*Problem to solve*: Output the data below only from the line containing "Westfalia Schlafkomfort Polsterbett, inkl." up to and including the line containing "현관레터링 / 레터링 시트지 / 생일 이벤트 / 입체꽃장식 / 벽장식", exact and with the pictures left out.

[Start of Attachment]

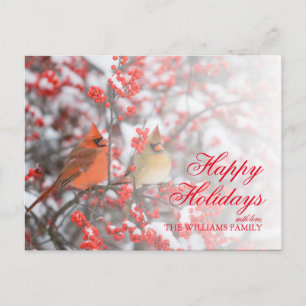 Northern Cardinals on Common Winterberry in snow Holiday Postcard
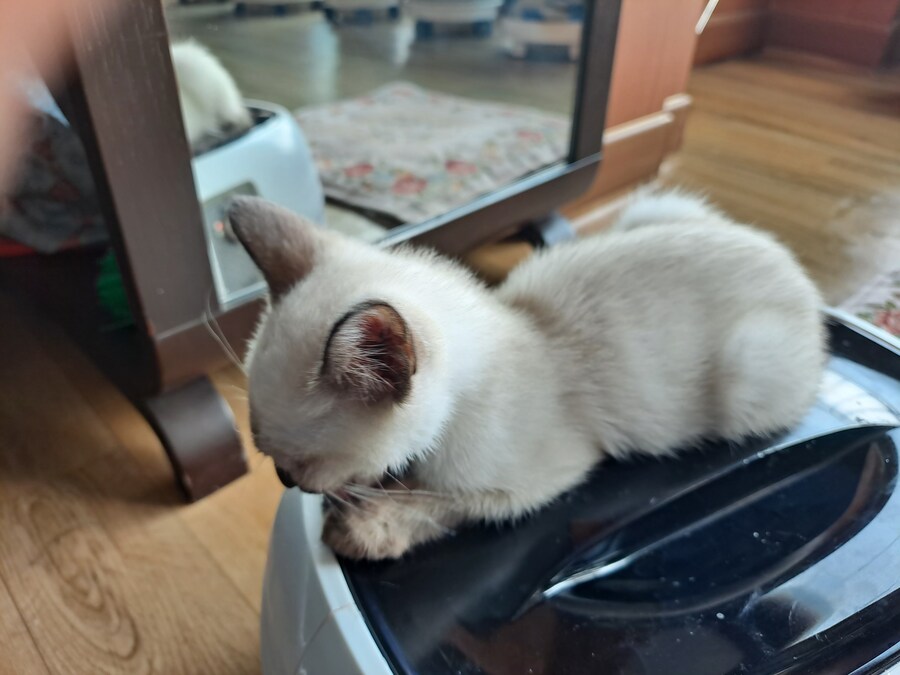 솔직히 고양이 털날림 완전 오버에요. 별로 털 안날려요~_6.jpg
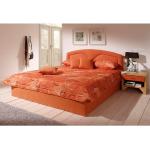 Westfalia Schlafkomfort Polsterbett, inkl. Bettkasten bei Ausführung mit Matratze, orange, ohne Matratze, terrakotta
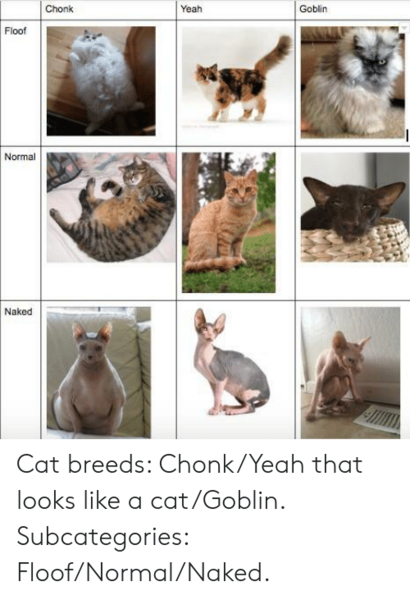 What is your favourite colour of cat ?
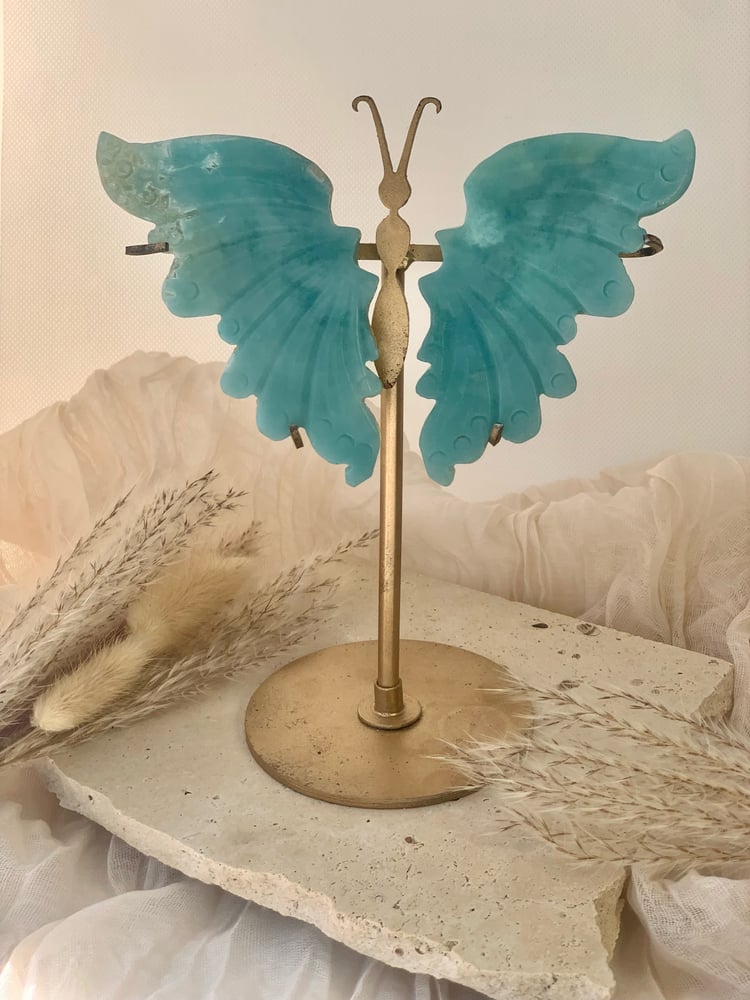 Image of Caribbean Calcite Wings (with stand) 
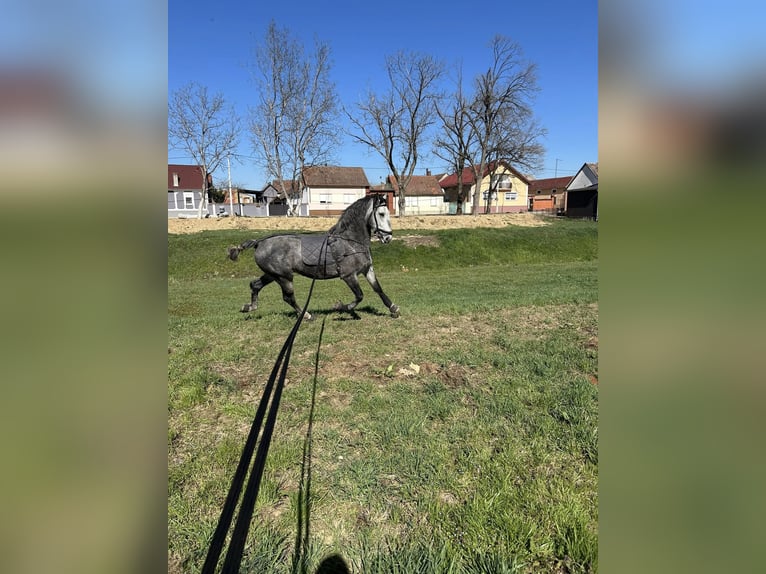 Lipizzaner Gelding 6 years 16 hh Grey in Babina Greda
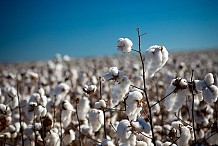 Les régions productrices de coton découpées en zones agro-industrielles
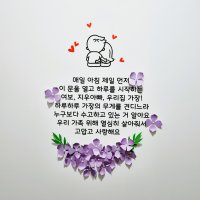 현관레터링 / 레터링 시트지 / 생일 이벤트 / 입체꽃장식 / 벽장식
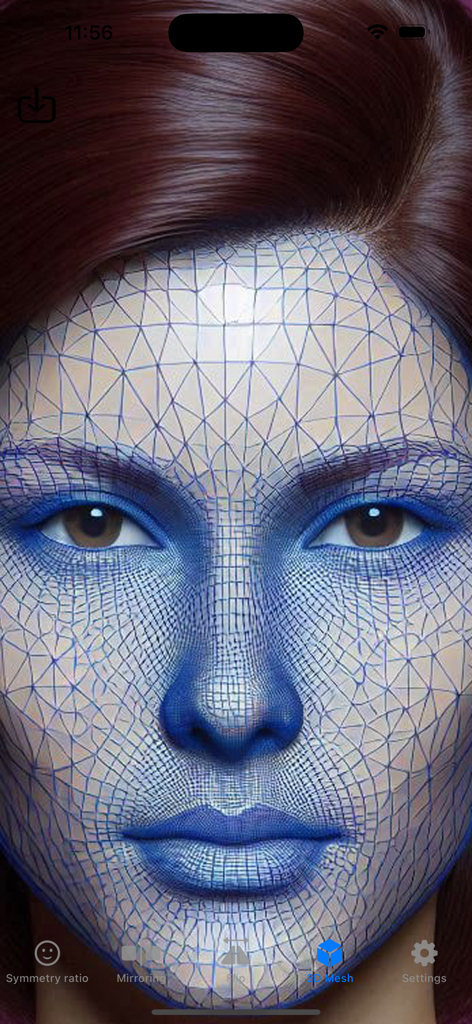 A 3D wireframe mesh overlaid on a face for symmetry analysis in the Facial Symmetry app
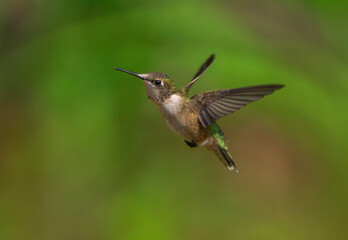 close up on flying ruby throated hummingbird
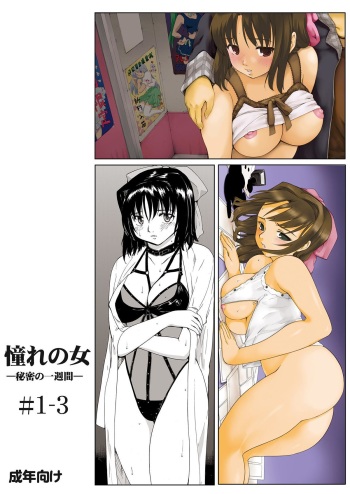 [Paranoia Cat (Fujiwara Shunichi)] Akogare no Onna -Himitsu no Isshuukan- #1-3 cover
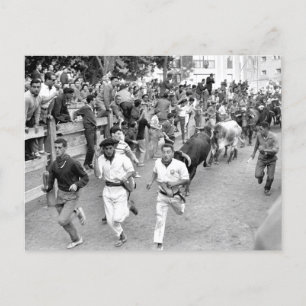 Pamplona Spain Running of the Bulls Postcard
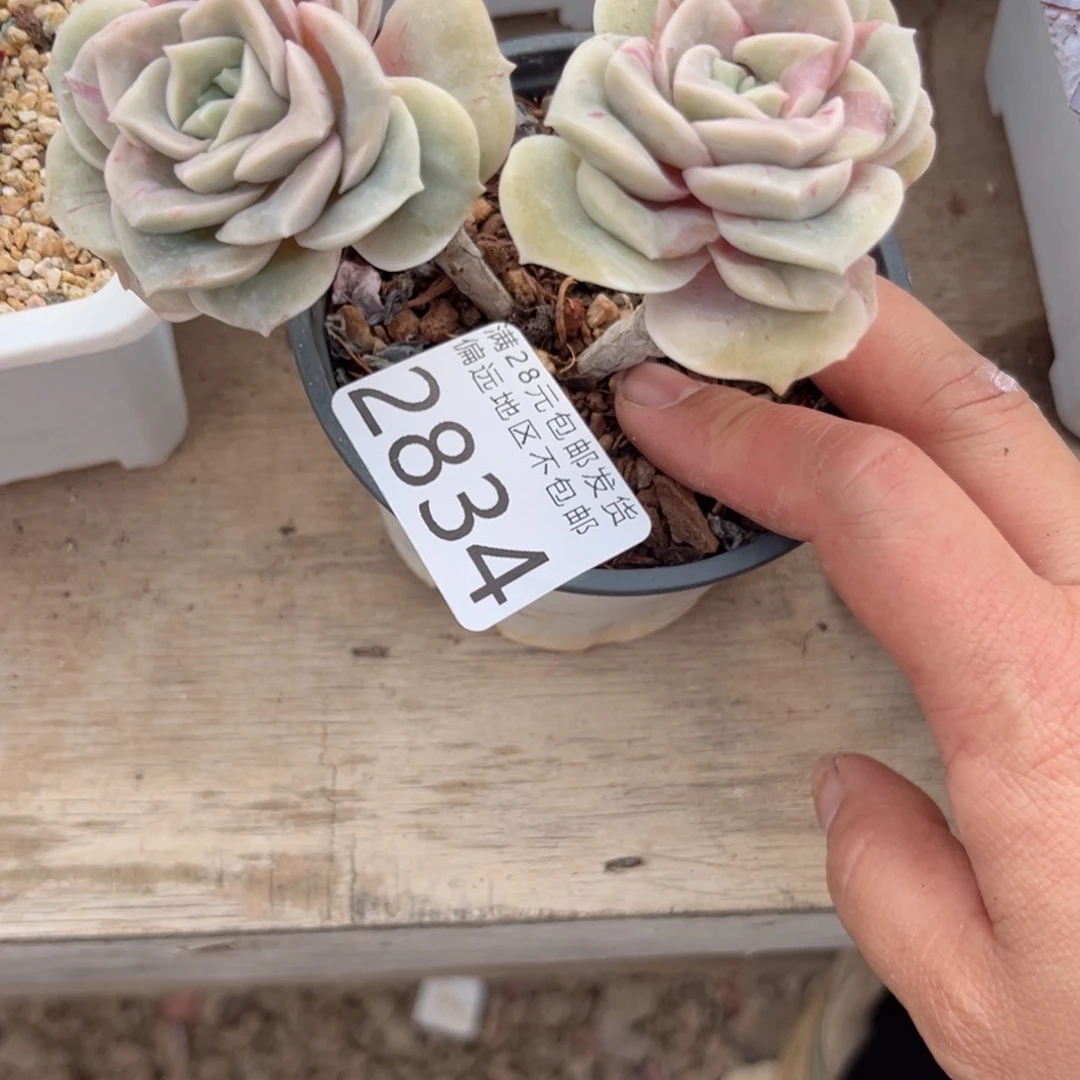 大2834/、xv xv cb n n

[End of Attachment]

*Your solution*:
 Westfalia Schlafkomfort Polsterbett, inkl. Bettkasten bei Ausführung mit Matratze, orange, ohne Matratze, terrakotta
 What is your favourite colour of cat ?
 Image of Caribbean Calcite Wings (with stand) 
 Lipizzaner Gelding 6 years 16 hh Grey in Babina Greda
 Les régions productrices de coton découpées en zones agro-industrielles
 현관레터링 / 레터링 시트지 / 생일 이벤트 / 입체꽃장식 / 벽장식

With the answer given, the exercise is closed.